現世の森羅万象を心に映りゆくままに書きつくる。

ノー天気な「非核平和論」は止めにしよう

 国連で122カ国が署名した核兵器の全面禁止条約に日本が賛成しなかったことに、日本国内で反発する声があります。原子爆弾の洗礼を受けた国の民としては自然な感情かも知れません。だが、一方で国際政治を見ると、今、中国や北朝鮮核兵器の脅しに遭い、それを防ぐために米国の「核の傘」の下に入っているという現実があります。それでは仕方がないのかなと小生は思っています。
 国際政治は相手があっての話。こちらがいかに平和を望んでも、世の中には邪悪な国、勢力がいて虎視眈々と我が国の領土を占拠したり、国全体をコントロールしようと武力挑発を仕掛けてきます。実際、中国の将軍の中には露骨に「日本に核攻撃を仕掛けたら、…」などと核兵器の所持、不所持の違いによる軍事優位性の視点から発言する人もいます。
 こんな状況に目をつぶってもいいのか。誰かが攻めきたら言うなりになるという覚悟を決めているのか。それなら、あらゆる武器は要らないし、安全保障も要りません。
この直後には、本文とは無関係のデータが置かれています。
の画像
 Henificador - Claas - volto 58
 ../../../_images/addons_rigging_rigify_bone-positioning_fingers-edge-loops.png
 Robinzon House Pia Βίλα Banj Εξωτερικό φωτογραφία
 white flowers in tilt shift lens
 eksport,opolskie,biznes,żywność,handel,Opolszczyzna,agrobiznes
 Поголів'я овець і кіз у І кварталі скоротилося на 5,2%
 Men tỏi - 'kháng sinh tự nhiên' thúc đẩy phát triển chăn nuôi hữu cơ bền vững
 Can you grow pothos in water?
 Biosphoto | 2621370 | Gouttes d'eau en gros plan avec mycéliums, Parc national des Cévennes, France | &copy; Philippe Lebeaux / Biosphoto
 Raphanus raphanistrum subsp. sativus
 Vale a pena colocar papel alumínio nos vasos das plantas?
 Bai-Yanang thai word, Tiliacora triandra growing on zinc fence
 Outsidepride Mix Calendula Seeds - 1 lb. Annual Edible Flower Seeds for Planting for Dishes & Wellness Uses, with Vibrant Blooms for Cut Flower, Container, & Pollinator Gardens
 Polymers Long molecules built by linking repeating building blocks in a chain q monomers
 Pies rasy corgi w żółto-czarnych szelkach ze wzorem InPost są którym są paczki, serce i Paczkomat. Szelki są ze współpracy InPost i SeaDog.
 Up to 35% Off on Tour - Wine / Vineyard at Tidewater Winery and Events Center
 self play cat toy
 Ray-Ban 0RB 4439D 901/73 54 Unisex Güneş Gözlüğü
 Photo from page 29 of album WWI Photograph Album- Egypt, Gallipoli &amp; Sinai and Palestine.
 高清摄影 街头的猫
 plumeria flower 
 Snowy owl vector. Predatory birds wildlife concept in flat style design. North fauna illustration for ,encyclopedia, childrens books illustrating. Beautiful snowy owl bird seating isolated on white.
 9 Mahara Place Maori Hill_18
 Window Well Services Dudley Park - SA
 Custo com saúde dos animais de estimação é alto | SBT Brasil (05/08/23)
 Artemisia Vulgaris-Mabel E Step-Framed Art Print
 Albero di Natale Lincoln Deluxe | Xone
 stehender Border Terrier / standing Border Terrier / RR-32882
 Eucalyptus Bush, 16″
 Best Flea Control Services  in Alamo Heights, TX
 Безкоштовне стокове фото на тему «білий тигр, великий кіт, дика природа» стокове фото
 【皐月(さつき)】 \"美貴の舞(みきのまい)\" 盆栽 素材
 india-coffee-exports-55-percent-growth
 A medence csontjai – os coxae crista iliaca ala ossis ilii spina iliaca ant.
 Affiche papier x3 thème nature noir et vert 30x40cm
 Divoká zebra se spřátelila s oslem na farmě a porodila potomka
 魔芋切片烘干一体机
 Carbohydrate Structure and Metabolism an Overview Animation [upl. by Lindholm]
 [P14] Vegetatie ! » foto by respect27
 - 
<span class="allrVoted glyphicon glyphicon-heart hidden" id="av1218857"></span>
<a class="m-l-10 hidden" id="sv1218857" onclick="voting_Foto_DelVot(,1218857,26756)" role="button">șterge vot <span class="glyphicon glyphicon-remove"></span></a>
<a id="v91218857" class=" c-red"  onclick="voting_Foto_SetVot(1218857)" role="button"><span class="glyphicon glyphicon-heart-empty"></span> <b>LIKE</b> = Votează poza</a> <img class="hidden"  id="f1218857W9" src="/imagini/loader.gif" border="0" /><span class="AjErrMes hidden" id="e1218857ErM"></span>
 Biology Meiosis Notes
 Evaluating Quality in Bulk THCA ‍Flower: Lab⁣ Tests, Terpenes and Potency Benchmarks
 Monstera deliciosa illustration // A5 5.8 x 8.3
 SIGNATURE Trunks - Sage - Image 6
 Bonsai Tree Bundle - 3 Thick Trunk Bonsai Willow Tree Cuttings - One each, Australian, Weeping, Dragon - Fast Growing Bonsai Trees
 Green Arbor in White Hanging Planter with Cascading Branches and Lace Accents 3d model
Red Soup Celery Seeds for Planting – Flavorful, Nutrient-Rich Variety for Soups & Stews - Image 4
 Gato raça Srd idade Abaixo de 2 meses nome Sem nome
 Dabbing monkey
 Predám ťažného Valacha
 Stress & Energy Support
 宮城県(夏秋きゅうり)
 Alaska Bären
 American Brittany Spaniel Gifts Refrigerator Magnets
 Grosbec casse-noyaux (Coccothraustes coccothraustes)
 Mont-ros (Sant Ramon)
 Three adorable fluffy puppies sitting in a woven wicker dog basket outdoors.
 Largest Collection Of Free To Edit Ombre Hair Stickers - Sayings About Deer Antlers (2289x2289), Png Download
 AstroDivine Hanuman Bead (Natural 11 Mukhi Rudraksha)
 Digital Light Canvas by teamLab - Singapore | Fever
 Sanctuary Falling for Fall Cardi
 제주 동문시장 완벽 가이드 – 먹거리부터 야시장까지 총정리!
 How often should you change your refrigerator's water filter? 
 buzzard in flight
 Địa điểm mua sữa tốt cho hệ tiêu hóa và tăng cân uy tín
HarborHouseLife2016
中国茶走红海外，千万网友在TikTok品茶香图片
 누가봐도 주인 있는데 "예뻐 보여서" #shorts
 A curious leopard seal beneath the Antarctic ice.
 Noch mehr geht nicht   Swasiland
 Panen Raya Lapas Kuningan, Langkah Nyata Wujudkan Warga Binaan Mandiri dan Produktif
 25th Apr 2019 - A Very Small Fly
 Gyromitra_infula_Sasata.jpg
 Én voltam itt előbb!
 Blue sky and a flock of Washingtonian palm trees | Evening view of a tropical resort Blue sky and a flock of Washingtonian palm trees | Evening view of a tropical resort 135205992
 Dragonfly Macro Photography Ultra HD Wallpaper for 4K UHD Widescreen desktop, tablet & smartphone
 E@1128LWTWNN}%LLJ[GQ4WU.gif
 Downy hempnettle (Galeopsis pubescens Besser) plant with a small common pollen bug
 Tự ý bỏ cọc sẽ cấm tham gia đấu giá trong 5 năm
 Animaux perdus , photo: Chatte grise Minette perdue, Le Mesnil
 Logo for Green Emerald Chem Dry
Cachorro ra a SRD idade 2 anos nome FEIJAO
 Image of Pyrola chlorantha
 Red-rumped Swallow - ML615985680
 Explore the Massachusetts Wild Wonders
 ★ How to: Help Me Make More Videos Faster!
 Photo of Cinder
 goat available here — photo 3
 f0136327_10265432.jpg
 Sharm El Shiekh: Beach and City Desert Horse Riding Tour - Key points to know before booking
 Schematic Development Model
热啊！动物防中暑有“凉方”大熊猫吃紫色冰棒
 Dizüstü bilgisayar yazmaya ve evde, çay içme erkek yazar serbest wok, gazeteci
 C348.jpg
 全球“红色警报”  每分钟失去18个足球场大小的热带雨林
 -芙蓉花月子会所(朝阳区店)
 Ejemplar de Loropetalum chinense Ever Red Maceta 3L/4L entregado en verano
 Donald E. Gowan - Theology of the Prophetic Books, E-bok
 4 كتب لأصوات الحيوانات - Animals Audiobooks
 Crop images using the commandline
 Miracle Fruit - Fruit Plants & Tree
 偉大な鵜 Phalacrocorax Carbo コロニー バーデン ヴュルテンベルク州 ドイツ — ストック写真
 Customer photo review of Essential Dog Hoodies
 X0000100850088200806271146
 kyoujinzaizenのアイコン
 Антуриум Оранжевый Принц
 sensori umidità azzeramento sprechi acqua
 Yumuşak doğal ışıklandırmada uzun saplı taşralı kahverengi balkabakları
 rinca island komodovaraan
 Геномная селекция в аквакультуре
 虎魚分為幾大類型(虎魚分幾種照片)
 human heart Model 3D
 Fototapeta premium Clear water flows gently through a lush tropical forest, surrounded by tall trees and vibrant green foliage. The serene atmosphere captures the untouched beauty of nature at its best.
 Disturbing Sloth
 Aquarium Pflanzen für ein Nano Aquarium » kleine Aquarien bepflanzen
でも、それでは小泉首相がかつて言っていたように「奴隷の平和」でしかありません。国家の主権、独立は保てません。まして、一党独裁の国家の支配下に入ったら、我が国の自由と民主主義の制度は危うい状態に置かれてしまいます。
 イラク、シリアでIS(イスラミック・ステート、これは暴力団に近い)に支配された地域の住民がいかに辛酸をなめたか、よくよく見る必要があります。老いた男女は殺され、子供は次の時代のIS兵士になるための洗脳教育を施され、若者は徴兵されるか、奴隷として使われ、若い女性は兵士の慰み者、性奴隷になっていったのです。こんな状況を認めていいのですか。
 核兵器という大量破壊兵器は最大の脅しとして使えます。これを持つ国、持たざる国で発言力が違い、対等な話し合いなど無理。核兵器などできたらなくなればいいと思うけど、侵略意図のある邪悪な国、勢力(ISだって北朝鮮から核兵器を入れる可能性がある)がそれを持ち続けるなら、こちらも対抗上持つ形を取らざるを得ないのです。
 憲法上の制約があるので、核兵器は言うに及ばず、他国に撃ち込めるようなミサイルさえ持ちえない我が国としては、核抑止力を米軍に頼るしかありません。ですから、正論や理想論を振りかざして反対とは言いにくいのではないですか。残念ながら、非常に残念ながら核兵器禁止条約には賛成できないという政府判断は分かります。
 このブログで何度も繰り返していますが、理想論は聞くと耳障りがよく、なんとなく喜びを感じてしまうけど、現実の世界は残酷で厳しい状況にあるのです。国際政治で理想論を振りかざすことがいかに危険なことか、ISに支配されていたモスルの住民の反応を見れば、一眼で分かることです。もうノー天気な「非武装論」「非核平和論」は止めにしましょう。
 
 上の写真は、アメリカ帰りの友人が東京・墨田区に開いたコーヒーショップ。